Les calculs annoncés aujourd'hui seront peut-être le départ de recherches. Mais plusieurs obstacles se dressent.

Les objets connus de la ceinture de Kuiper, qui ont été à l'origine des estimations présentées, ont été découverts lors de leur passage près de leur périhélie car c'est alors qu'ils sont les plus proches de nous et surtout qu'ils sont les plus lumineux (car plus proches du Soleil). Si la neuvième planète est actuellement plutôt vers son aphélie, il faudra attendre 5000 à 10000 ans avant d'être dans des conditions plus confortables d'observation...
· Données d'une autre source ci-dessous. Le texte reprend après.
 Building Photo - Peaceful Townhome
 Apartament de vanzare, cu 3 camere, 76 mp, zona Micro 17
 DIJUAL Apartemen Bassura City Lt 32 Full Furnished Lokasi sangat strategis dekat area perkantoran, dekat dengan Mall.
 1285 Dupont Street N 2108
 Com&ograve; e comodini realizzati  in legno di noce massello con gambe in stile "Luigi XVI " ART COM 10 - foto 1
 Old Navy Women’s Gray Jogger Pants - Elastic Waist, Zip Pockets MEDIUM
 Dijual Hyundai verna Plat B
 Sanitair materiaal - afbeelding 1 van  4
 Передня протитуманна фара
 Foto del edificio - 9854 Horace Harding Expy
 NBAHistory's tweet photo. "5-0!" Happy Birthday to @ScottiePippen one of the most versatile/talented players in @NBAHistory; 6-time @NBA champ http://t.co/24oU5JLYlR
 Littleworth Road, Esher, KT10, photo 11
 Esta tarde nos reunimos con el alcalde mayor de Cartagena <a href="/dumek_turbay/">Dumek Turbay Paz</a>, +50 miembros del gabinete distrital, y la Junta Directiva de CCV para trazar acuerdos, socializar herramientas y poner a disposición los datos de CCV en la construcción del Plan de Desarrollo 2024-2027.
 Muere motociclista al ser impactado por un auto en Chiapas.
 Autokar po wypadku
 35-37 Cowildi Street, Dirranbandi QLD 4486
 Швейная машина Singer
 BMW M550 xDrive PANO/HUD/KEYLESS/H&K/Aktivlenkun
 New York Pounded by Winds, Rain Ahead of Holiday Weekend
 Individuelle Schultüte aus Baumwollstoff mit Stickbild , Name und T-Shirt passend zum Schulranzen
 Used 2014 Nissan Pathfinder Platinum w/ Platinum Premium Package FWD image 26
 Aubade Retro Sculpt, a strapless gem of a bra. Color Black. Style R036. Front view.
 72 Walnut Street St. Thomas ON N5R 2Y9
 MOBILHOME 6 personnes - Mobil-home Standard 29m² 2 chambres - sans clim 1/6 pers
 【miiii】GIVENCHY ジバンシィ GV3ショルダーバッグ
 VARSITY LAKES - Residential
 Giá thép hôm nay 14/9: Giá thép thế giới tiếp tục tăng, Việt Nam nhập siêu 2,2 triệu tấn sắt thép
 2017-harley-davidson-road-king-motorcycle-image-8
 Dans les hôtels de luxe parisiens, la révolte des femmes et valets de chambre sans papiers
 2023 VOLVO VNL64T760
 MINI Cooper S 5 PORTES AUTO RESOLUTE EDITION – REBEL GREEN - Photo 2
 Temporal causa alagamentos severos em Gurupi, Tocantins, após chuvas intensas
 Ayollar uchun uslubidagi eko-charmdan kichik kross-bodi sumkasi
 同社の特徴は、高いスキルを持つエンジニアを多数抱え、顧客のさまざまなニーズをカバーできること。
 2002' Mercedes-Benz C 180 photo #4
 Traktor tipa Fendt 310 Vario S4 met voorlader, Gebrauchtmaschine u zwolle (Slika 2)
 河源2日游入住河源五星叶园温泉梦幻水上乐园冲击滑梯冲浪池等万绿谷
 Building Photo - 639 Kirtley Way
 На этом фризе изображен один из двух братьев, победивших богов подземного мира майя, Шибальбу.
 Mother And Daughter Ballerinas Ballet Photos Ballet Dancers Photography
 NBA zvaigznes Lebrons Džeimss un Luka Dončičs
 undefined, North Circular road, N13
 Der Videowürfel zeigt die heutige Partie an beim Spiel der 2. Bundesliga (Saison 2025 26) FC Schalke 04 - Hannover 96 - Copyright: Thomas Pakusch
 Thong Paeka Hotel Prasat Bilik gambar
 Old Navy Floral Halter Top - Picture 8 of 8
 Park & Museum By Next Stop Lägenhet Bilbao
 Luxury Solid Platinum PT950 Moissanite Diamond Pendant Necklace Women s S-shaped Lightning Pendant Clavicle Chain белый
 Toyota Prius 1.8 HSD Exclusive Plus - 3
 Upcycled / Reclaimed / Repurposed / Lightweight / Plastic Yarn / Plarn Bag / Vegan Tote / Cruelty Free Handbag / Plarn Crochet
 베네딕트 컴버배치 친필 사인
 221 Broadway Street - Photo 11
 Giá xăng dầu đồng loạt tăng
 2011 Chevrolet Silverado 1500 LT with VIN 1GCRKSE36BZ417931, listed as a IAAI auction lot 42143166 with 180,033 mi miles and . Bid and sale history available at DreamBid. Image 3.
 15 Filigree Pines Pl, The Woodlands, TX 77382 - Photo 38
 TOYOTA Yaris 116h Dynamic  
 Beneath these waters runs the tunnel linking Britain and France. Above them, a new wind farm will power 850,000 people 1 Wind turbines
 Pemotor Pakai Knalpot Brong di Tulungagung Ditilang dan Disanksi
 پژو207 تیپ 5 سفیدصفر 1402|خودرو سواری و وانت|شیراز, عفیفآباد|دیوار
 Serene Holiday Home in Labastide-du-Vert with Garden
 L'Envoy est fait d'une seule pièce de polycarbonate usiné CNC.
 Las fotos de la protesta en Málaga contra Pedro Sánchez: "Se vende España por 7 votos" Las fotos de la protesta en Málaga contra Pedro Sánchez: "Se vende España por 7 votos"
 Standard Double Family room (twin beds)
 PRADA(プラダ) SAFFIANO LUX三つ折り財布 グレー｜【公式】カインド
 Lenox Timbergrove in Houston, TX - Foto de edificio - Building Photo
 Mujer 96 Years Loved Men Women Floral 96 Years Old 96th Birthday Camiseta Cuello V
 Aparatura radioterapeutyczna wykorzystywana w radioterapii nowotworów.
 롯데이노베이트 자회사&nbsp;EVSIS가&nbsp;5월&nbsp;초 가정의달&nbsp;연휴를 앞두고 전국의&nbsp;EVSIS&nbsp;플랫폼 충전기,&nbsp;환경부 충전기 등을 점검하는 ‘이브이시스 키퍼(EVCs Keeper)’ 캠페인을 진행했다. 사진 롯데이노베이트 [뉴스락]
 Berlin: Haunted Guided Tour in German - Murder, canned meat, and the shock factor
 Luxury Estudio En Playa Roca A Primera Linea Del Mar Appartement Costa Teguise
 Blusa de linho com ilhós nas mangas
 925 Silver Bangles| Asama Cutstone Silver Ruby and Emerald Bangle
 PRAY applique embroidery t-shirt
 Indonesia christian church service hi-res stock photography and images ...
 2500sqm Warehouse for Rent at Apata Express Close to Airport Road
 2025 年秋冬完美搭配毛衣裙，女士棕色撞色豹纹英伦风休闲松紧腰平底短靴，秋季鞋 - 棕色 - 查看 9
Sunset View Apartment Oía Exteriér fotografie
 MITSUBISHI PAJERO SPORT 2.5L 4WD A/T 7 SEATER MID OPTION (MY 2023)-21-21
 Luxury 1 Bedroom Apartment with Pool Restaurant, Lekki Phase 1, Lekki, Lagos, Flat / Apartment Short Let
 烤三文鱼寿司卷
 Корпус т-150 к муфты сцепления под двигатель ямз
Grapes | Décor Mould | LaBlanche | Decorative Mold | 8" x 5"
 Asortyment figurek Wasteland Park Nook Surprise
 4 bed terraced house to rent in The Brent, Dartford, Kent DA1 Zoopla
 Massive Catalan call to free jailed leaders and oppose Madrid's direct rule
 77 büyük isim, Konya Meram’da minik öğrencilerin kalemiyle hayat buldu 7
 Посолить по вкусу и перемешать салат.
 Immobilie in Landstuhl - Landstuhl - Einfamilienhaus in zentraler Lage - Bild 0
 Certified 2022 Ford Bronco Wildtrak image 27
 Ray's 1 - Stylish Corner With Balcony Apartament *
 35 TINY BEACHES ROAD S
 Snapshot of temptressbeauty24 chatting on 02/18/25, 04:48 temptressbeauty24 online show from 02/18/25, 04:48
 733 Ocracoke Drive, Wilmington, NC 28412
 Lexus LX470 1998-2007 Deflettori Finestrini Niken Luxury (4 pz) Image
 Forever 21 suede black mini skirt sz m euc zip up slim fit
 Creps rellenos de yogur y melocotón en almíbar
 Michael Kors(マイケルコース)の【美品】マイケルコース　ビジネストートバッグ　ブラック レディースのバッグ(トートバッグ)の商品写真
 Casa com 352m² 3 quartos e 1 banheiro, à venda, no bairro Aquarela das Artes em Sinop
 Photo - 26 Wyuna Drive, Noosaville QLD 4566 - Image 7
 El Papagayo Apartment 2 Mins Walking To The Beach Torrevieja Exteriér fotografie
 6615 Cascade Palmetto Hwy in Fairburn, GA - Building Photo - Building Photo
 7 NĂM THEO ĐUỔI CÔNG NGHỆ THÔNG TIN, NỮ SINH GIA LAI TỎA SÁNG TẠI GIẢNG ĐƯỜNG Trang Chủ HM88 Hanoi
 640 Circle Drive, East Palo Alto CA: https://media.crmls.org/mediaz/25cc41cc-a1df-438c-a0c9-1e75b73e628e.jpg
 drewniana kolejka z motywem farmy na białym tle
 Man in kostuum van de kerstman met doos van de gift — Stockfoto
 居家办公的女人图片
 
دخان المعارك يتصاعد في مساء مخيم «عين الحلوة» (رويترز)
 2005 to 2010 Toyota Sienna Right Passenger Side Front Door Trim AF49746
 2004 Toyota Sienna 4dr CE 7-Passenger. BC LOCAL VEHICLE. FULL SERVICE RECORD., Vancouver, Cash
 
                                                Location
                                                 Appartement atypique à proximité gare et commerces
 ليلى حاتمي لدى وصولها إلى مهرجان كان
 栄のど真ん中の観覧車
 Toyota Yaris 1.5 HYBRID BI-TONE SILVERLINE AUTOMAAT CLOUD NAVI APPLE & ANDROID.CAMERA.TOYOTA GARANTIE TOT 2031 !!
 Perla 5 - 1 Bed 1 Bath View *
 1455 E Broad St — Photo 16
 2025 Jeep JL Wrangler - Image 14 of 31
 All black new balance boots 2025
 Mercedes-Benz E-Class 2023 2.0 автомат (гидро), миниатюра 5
Dans un cas favorable les grands télescopes actuels et les nouveaux télescope qui vont entrer en fonction permettront peut-être de la détecter d'ici quelques années. Si une mission doit être montée, une sonde lancée... il faudra attendre plus de 50 ans avant une éventuelle rencontre vers le périhélie avec les technologies actuelles.

Mais, surtout, comme le soulignent les auteurs de l'étude, c'est par la découverte de nouveaux corps de la ceinture de Kuiper que des contraintes supplémentaires pourront être obtenues afin de restreindre la gamme des orbites possibles. En l'état actuel des connaissances et des hypothèses, trouver une planète si lointaine avec une si large gamme des possibles (orientation, excentricité, grand axe) relèverait plus du coup de chance que de la stratégie.

Gageons que les prochaines découvertes transneptuniennes relanceront le débat et les calculs.